# Tiltshift Photography



## LeadFarmer (Feb 23, 2011)

Just been having a play about with tiltshifting some photos I took, giving things the miniature effect. I keep meaning to put some time aside for taking some photos purposely for doing this for a bit of fun...


----------



## Ravinder (Jul 24, 2009)

Amazing!


----------



## Naddy37 (Oct 27, 2005)

Done right, and with the right photo in the first place, this effect can look awesome.


----------



## LeadFarmer (Feb 23, 2011)

I agree, which is why I'd like to go out one day and take some shots purely for tilt shifting. I think they need to be distant shots to work best. Im currently just playing with photos Ive already got.


----------



## sistersvisions (Jul 28, 2010)

Can I ask what tiltshifting is??


----------



## sprocketser (Aug 4, 2012)

Nice pix mate .


----------



## BlackPanther (Oct 23, 2010)

so cool :thumb:

Last pic looks like a model slot car setup....keep posting the ones you do


----------



## Buck (Jan 16, 2008)

sistersvisions said:


> Can I ask what tiltshifting is??


A quick explanation....

Tilt shift lenses are traditionally used to take shots of buildings/structures and prevent the converging verticals that you don't see with your eye but the camera captures. It does this by controlling the angle of the lens.
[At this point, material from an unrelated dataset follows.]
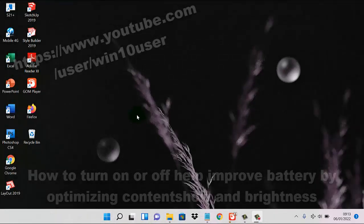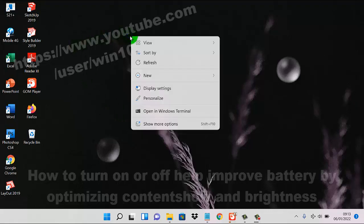To turn on or turn off the help improve battery by optimizing content and brightness feature in Windows 11, right-click on an empty area on the desktop and then select Display Settings.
Tilt shift photography is also used to create "fake miniatures" like above as it creates a very shallow depth of field.

You can recreate this effect in Photo Shop/Elements or similar by adding blur gradients.


----------



## LeeH (Jan 29, 2006)

That's weird! Looks like little model villages.


----------



## Ravinder (Jul 24, 2009)

Do you have the original photos to compare? It would be interesting to see.


----------



## Naddy37 (Oct 27, 2005)

LeeH said:


> That's weird! Looks like little model villages.


That's what tiltshift photography is....:thumb:

Has to be the right shot for it to work though.


----------



## LeadFarmer (Feb 23, 2011)

Ravinder said:


> Do you have the original photos to compare? It would be interesting to see.


Ask and thou shall receive...


----------



## Catt274 (Jan 5, 2014)

Nice shots of St Ives mate


----------



## chefy (May 9, 2011)

is it a special lens then ?


----------



## Deniance (Jun 28, 2008)

Looks like a lego catalogue? Cool as beans


----------



## wayne_w (Jan 25, 2007)

Here's a website that I use..

http://tiltshiftmaker.com

Lots of fun to be had :thumb:


----------



## Shiny (Apr 23, 2007)

Great selection of pics Leadfarmer. The F1 shot came out spot on.

Nearest I've got to a half decent subject matter was


----------



## Chicane (Mar 31, 2011)

My canon 650d has a tilt shift setting that does a great job of miniaturising. But thats way too easy though lol


----------



## iPlod999 (Jun 23, 2012)

How about a car related one?


----------



## Chicane (Mar 31, 2011)

Quick comparison I shot out the upstairs window. This was using the Miniature setting on the camera, not a tiltshift lens.

*original:*








*miniature setting:*


----------



## nick_mcuk (Jan 4, 2008)

After seeing this thread yesterday I had a go in Photoshop CS5 today.

Actually not a difficult effect to do....here was one of my efforts.

Photo taken at DLRP this Jan on my iPhone5.


----------



## SteveyG (Apr 1, 2007)

Buck said:


> A quick explanation....
> 
> Tilt shift lenses are traditionally used to take shots of buildings/structures and prevent the converging verticals that you don't see with your eye but the camera captures. It does this by controlling the angle of the lens.
> 
> ...


My Canon compact camera has this feature built in. Very amusing in video mode...


----------



## Nanoman (Jan 17, 2009)

From a cruise in 2012.


----------



## LeadFarmer (Feb 23, 2011)

chefy said:


> is it a special lens then ?


You can get special lenses, but I just use software on my laptop. Basically all thats happening is the top and bottom of the photo is blurred out, making the middle section appear miniaturised. One thing that does help is if the original photo is taken at a distance.


----------



## GrantB5 (Nov 6, 2011)

I have a tilshift plugin for my videos on final cut pro yet to use it properly yet though wanna have a go on this site, probably better control on photoshop


----------



## GrantB5 (Nov 6, 2011)

Heres a go I had on the website I don't really have the right photos for it definitely need something with a bit of distance to make it work!

Gonna keep an eye out for something that can work and have another go


----------